Film Review: ‘2 Guns’


In what’s been a difficult year for summer blockbusters, it seems Hollywood is returning to the venerable set up of the good ol’ buddy cop comedy for cheap thrills and fast bucks; firstly with Paul Feig’s The Heat, which opened last week, and now 2 Guns (2013) – a brisk, unpretentious crime caper from Icelandic director Baltasar Kormákur. The sub-genre lives and dies by the chemistry of its leads, and with Denzel Washington and Mark Wahlberg – who are always devilishly pleasing to watch, especially in comedy roles – Kormákur ensures that his own contribution is more Midnight Run (1988) than Samurai Cop (1989).

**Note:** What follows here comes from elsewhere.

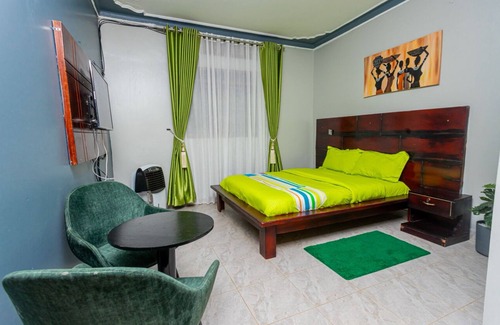 Soroti Cama Y Desayuno | The Den Soroti Green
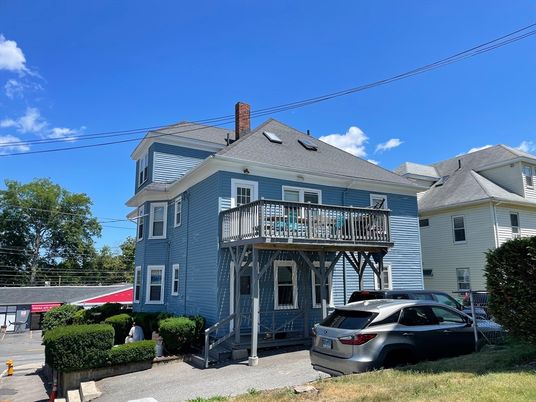 Exterior, Facade, Queen Anne Victorian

Washington and Wahlberg pick up the schtick of Mel Gibson and Danny Glover’s Lethal Weapon duo as two mismatched friends: Wahlberg as garrulous tough nut Stig, a definite nod to Gibson’s Riggs; and Washington as smooth operator Bobby, a sexier version of Glover’s retiring family man. The difference this time, however, is that they are both undercover bank robbers. Bobby is a DEA agent and Stig is a Navy intelligence officer, with neither of them knowing this about the other. They’ve both been assigned to steal $3 million in cash belonging to Mexican drug lord Papi Greco (Edward James Olmos), but things are soon complicated by military types and government officials (including a terrifically oleaginous Bill Paxton).

Based on the 2008 BOOM! Studios comic series by writer Steven Grant and illustrator Mateus Santolouco, the hyper-convoluted plot of 2 Guns is fluidly articulated by Kormákur, who has demonstrated a gift for laying out complex action sequences with a perfect mixture of chaos and coherence, most notably in Contraband (for which he first teamed up with Wahlberg). 2 Guns is an altogether brighter film, however; a Tex-Mex neo-western that embraces its dusty, southern setting, which stands out commendably amidst all the blood thanks to cinematographer Oliver Wood.

If Kormákur does manage to add something to the well-worn 1980s buddy cop comedy, the problems here remain familiar. The solitary female character comes in the shape (which we get to admire frequently) of Paula Patton’s Deb – a female DEA agent and Bobby’s part-time lover – whose only meaningful actions revolve around her relationships with men. Perhaps that’s to be expected of 2 Guns, where so much reliance is placed on male banter. Thankfully – and this is not to be taken for granted – it is at the very least inoffensive, and at times genuinely funny and charming.